● **Available data**

───

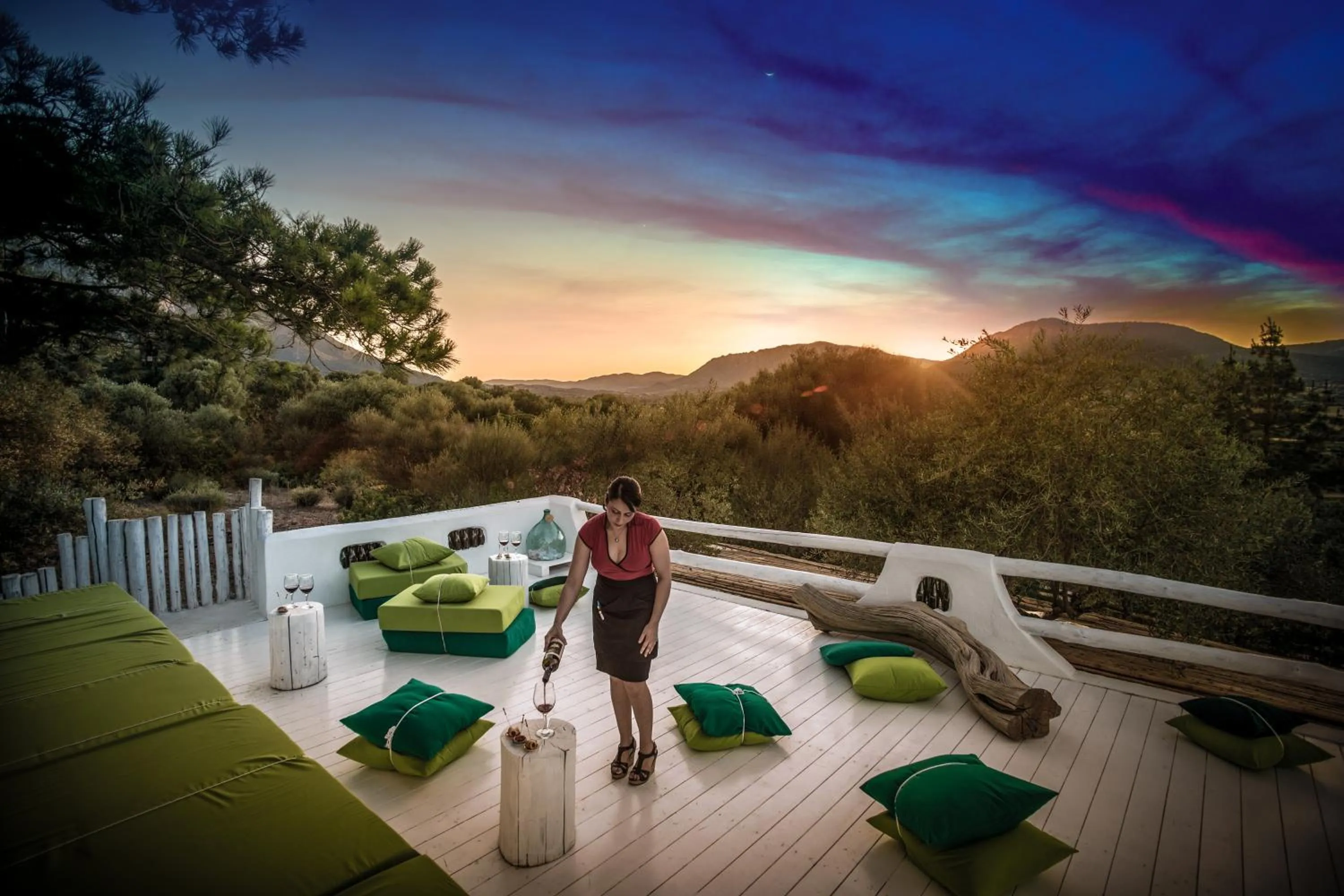 View (from property/room) in Su Gologone Experience Hotel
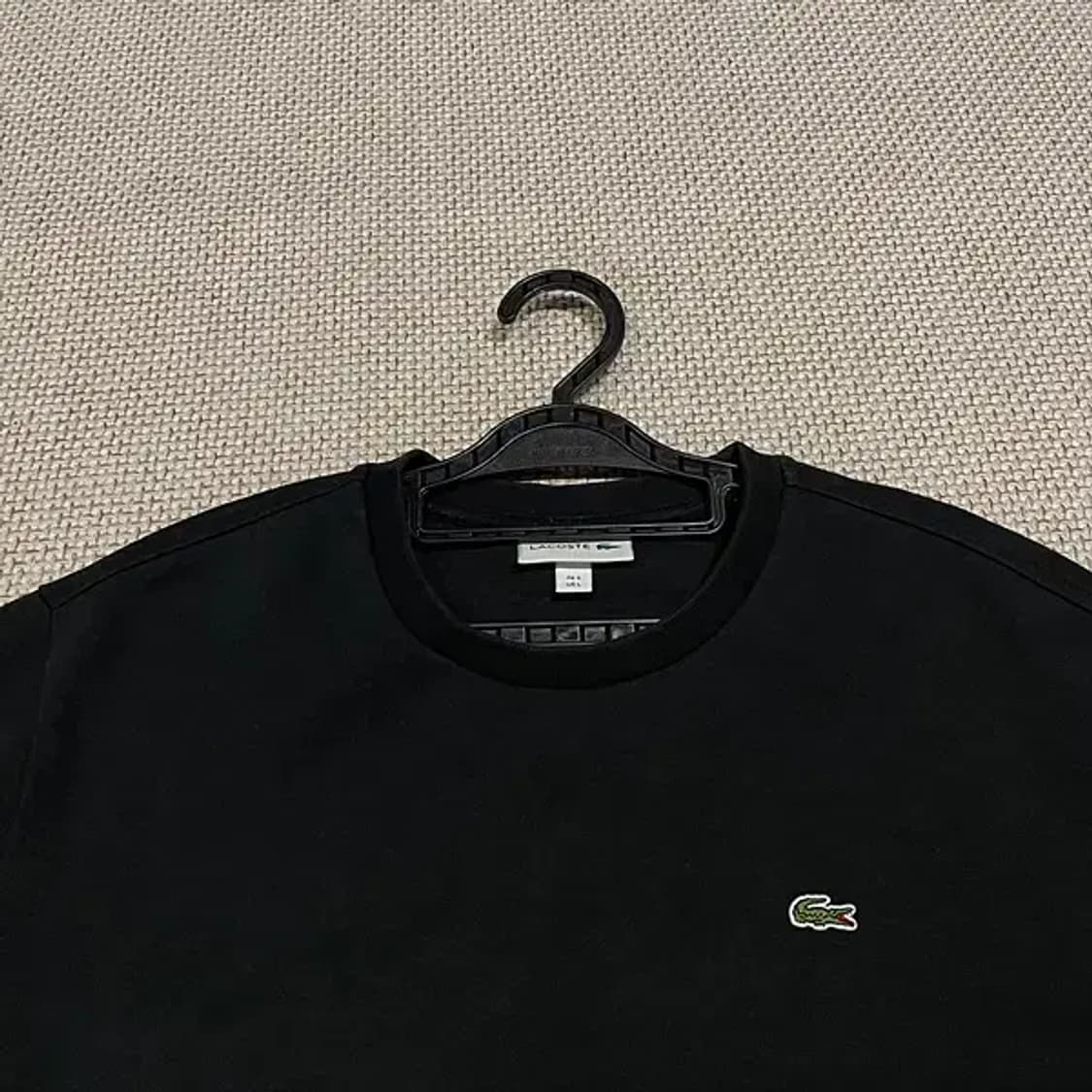 XL 라코스테 라운드 맨투맨 N.5874 상품이미지2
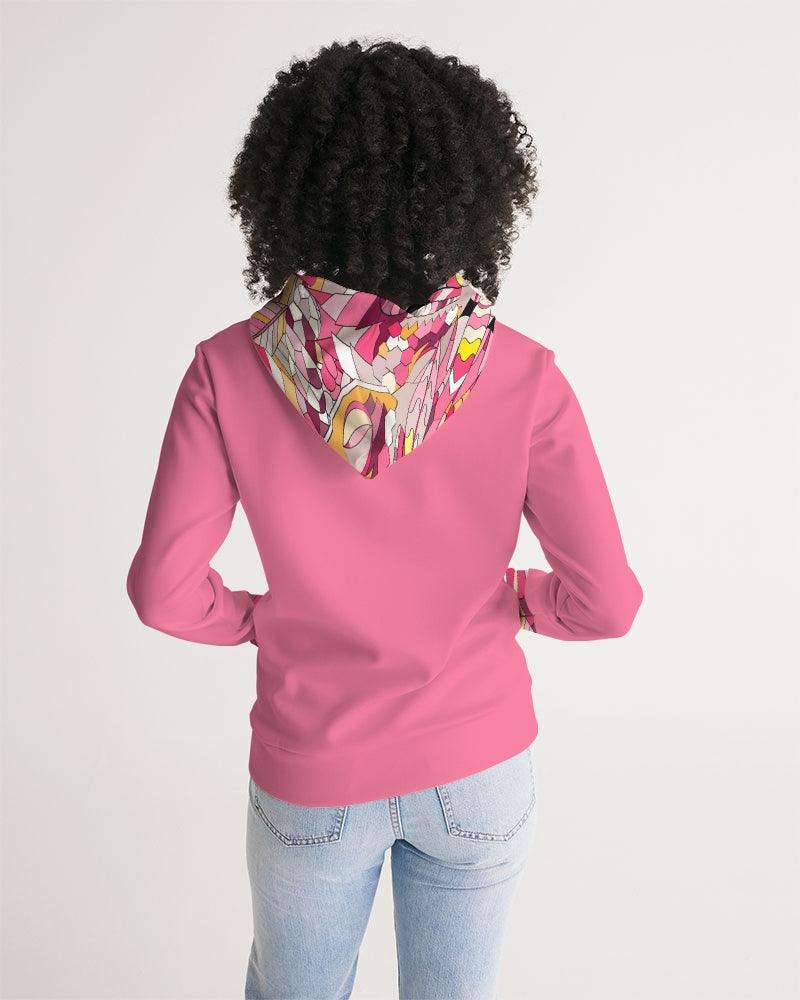 Perl Pink Hoodie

───

● **Problem statement**
Copy the listing exactly. Any image in it stays out of the copy.

● **Exercise response**
 View (from property/room) in Su Gologone Experience Hotel
 XL 라코스테 라운드 맨투맨 N.5874 상품이미지2
 Perl Pink Hoodie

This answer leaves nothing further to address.